ICE DOGS CUT DOWN COMING SOON
The Niagara IceDogs ended their preseason with a fourth consecutive victory, which was a 2-0 shutout of the Sudbury Wolves. Bo Bessette and Marco Lizotte were releases, and the Dogs need to make a few more moves to get down to the required 20. From this end, here is who I see on the roster, though I will try not to speculate too much on who may be let go because my sample size was limited to three games of viewing.
Goalies: Chris Festarini and Brent Moran (2)
Defense: Dougie Hamilton, Jesse Graham, Brock Beukeboom, Shayne Rover, Luke Mercer, Broderick Kelly (7)
Forwards: Ryan Strome, Steven Shipley, Brett Ritchie, Mitch Theoret, Carter Verhaeghe, Joel Wigle, Trevor Peterson, Anthony DiFruscia, Brook Hiddink (9)
I've got two spots left over, and I know there are guys like Mike Robinson, Mitch Bursey, Brian Brosnan, Rio Anzolin, David Sysla, and Kopta still have their fates up in the air. Considering that the IceDogs lost a lot of personnel from last years team (Mark Visentin, Freddie Hamilton, Jamie Oleksiak, Andrew Agozzino, Alex Friesen and David Pacan), they still have a solid core. That said, once the lockout ends, Dougie Hamilton and Ryan Strome could leave a huge void. The season starts Thursday September 20th 7pm vs Erie as phenom Connor McDavid makes his regular season debut. TV Cogeco and the OHL Action Pack with myself, Ed Burkholder and Al Galloway will have the game starting at 7pm.
Those who stand to benefit from the NHL Lockout will be junior hockey and the American Hockey League, as they stand to get more media exposure and also quality of athlete thanks to the trickle down effect of NHL teams sending young talent down to the AHL to get them some reps, and a slew of junior age hockey players who will be returned to their junior affiliate with a decision to me made on their future when or if the lockout ends. Sportsnet will increase their junior hockey coverage , and likely dive into the AHL for people to get their hockey fix. That will give them a wider platform to play on. Junior hockey already has carved out a nice audience niche with their Friday night games and stellar coverage of the Master Card Memorial Cup. The AHL is another thing altogether. Limited to local cable, or specialty networks like Leafs TV, the league has struggled to gain a TV foot hold. Sportsnet did the occasional game last year, and the CBC broadcasted about 10 AHL games the year before, and then took a pass after the audience numbers were modest.

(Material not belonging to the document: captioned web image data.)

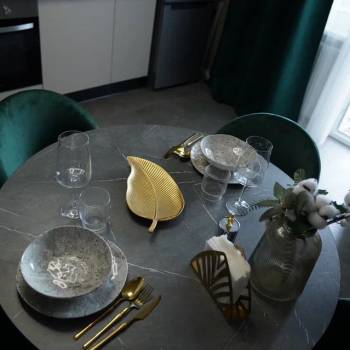 Сдается 1-комнатная квартира, 55 м²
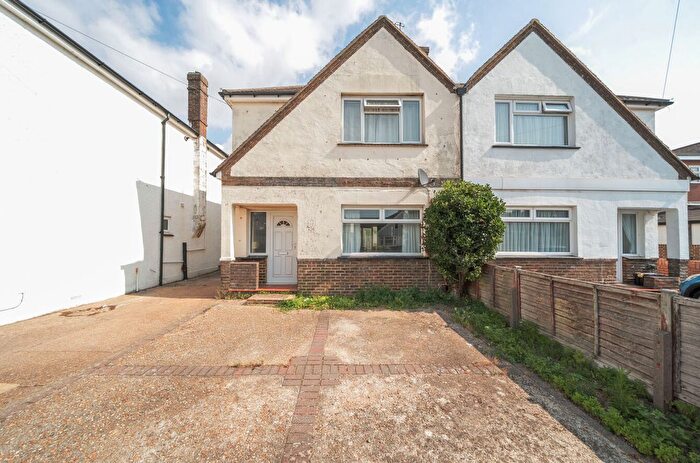 3 Bedroom Semi-Detached House For Sale In Culver Road, Lancing, West Sussex, BN15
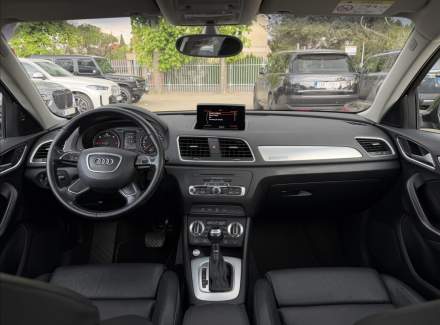 Audi - Q3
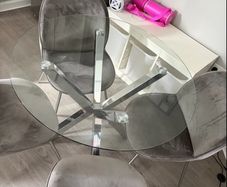Dining Table & 4 Chairs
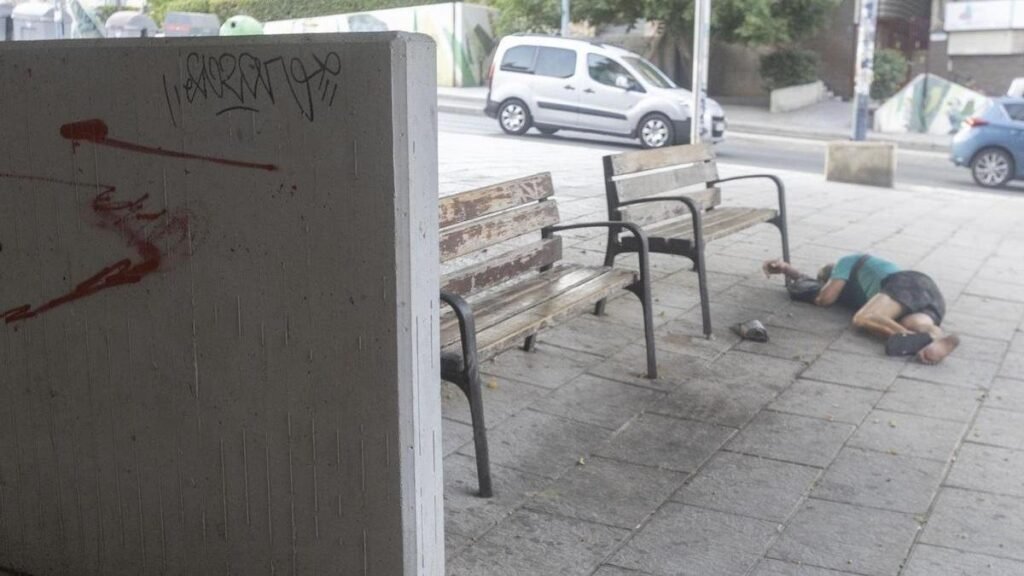 Orines, basura y suciedad: vecinos denuncian el deterioro de las calles de Alicante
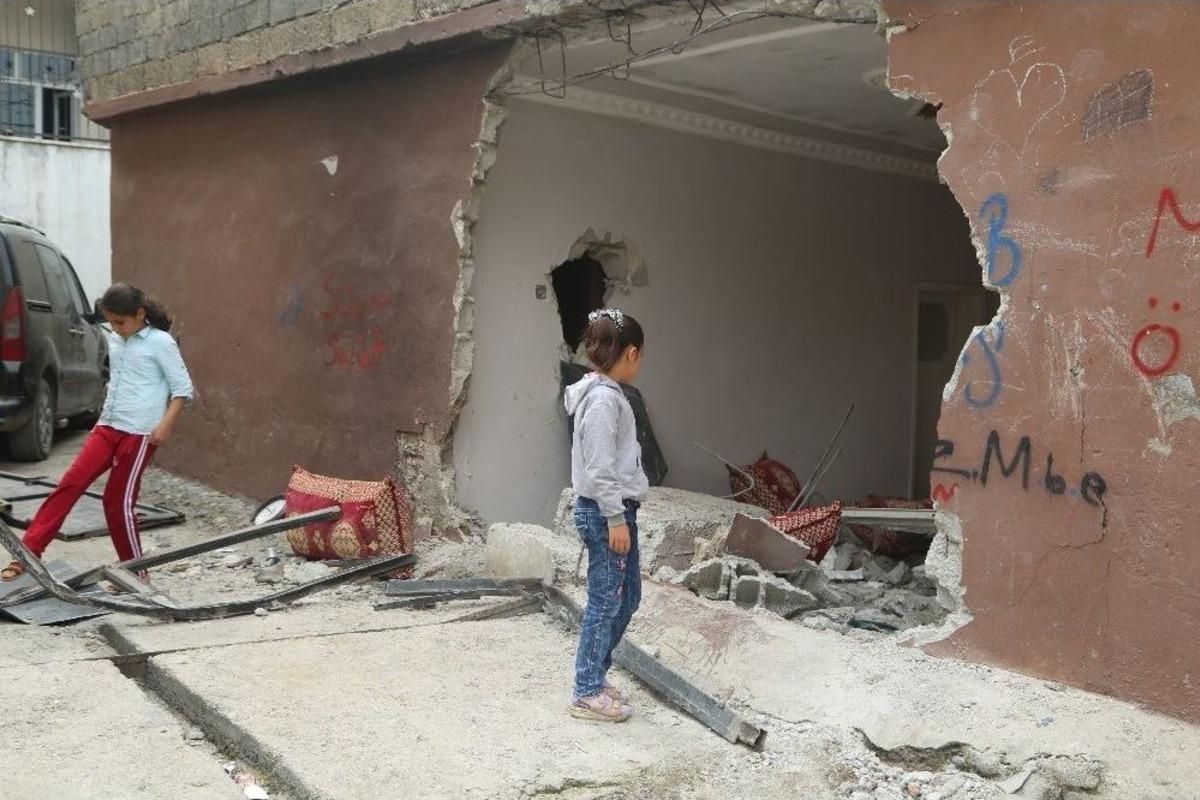 Silopi&rsquo;de Zırhlı Ara&ccedil; Eve &Ccedil;arptı: 2 &Ccedil;ocuk &Ouml;ld&uuml;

Those who stand to lose in the lockout include administrative and office staff of NHL teams. They will likely be temporarily laid off, or have their hours and/or pay reduced. Arena workers from the guys who clean the ice to the person who ushers you to your seat and everyone in between stands to lose out on game nights. Even broadcasters get the short end in some cases. An article in the Vancouver Sun detailed that Canucks voice John Shorthouse will get paid during the lockout and likely will be assigned to other events, or shows, while Jim Hughson of CBC's Hockey Night in Canada says he will not get paid during the lockout, though I am sure CBC will find him a few things to do. The people I feel for the most are the aforementioned office staff and arena workers along with bars and restaurants who derive a good portion of their income from the game night hockey crowd. Sometimes I think the players and the owners need to get a visit from those workers in the background or at sports bars who derive their income from how busy a restaurant or bar is.
While I tend to side with the players, I wish they would not do these little PR stunts to try and reach out to the fans, because I am not sure the fans really care. They just want to see their team play, and seem to tire of billionaires fighting millionaires on how to dish out billions of dollars.